Fitch Ratings, one of the three major firms assessing the U.S. government's creditworthiness, says President Trump's tax cuts are highly unlikely to pay for themselves, contradicting Treasury Secretary Steven Mnuchin's repeated assertions that they would do just that.

The Tax Cuts & Jobs Act bill, introduced last week in the U.S. House of Representatives, will lead to wider fiscal deficits and add significantly to U.S. government debt, Fitch said Tuesday in a statement. Federal debt will rise to 120% of gross domestic product in a decade from 77% currently, according to the ratings firm.

At the core of Fitch's doubt is the Trump administration's oft-repeated mantra that tax cuts for companies from General Electric Co. (GE) to Bank of America Corp. (BAC) and Apple Inc. (AAPL) will deliver a long-term fillip to economic growth by stimulating corporate investment and creating new jobs. Instead, the ratings firm expects a "modest and temporary spur to growth," with GDP rising to 2.5% in 2018 but then falling back to 2.2% in 2019, Fitch said. This year, the economy is projected to grow an estimated 2.2%, according to a survey by financial-data provider FactSet.

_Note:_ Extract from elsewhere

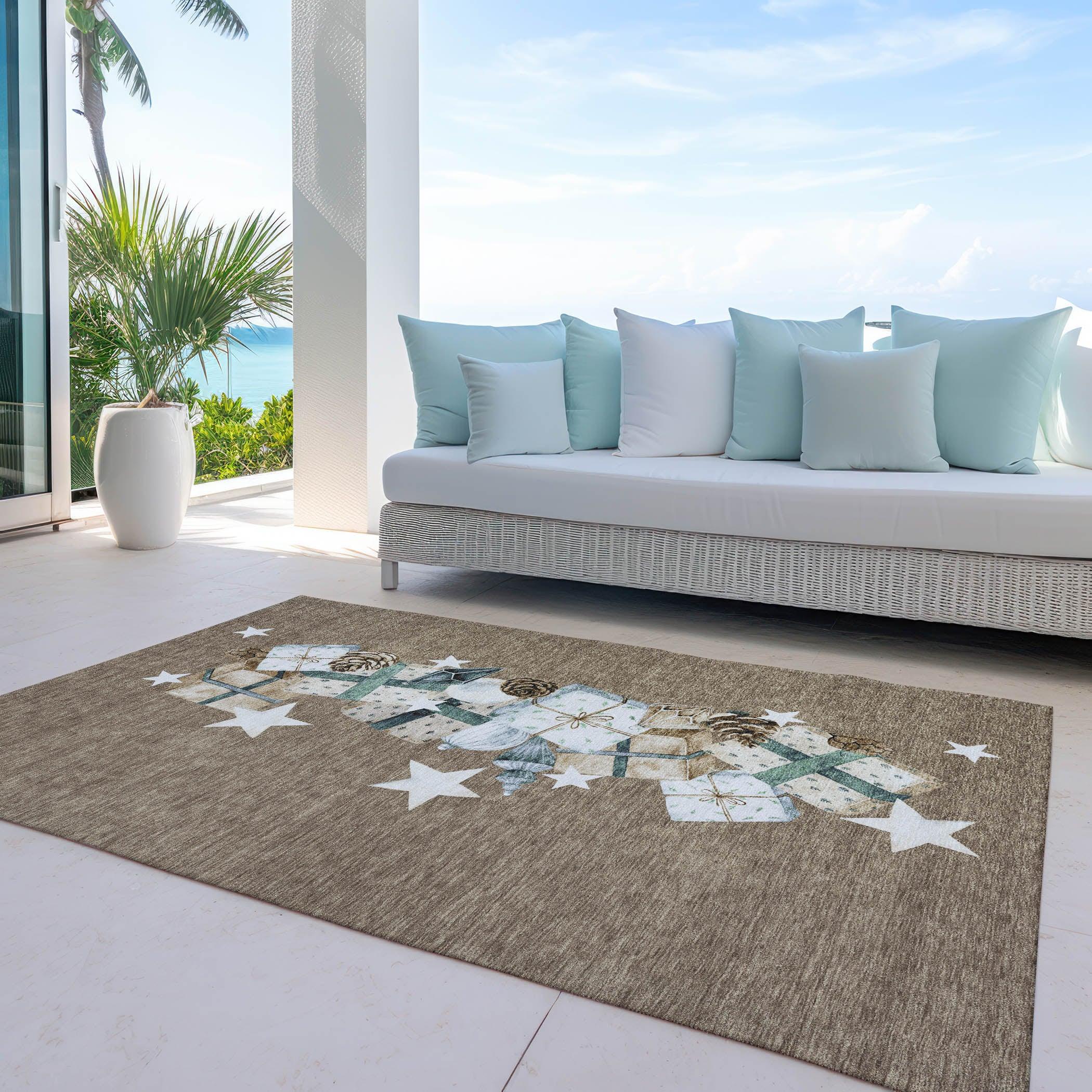 Addison Rugs Raeain Brown Washable Indoor-Outdoor Rug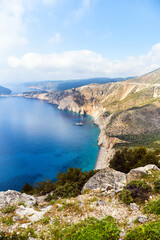 Beautiful landscape with rocks on the coast of the Ionian Sea near Asos town in Kefalonia, Greece. Amazing places. Tourist Attractions.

"Tax cuts may lead to a short-lived boost to output, but Fitch believes that they will not pay for themselves or lead to a permanently higher growth rate," the ratings firm said in the statement.

The commentary by Fitch directly counters Mnuchin's assertions that the tax cuts will spur growth, thus generating enough additional tax revenue -- as much as $2 trillion -- to pay down debt. In September, the Treasury secretary projected that the tax cuts would help push economic gains to 2.9% over 10 years.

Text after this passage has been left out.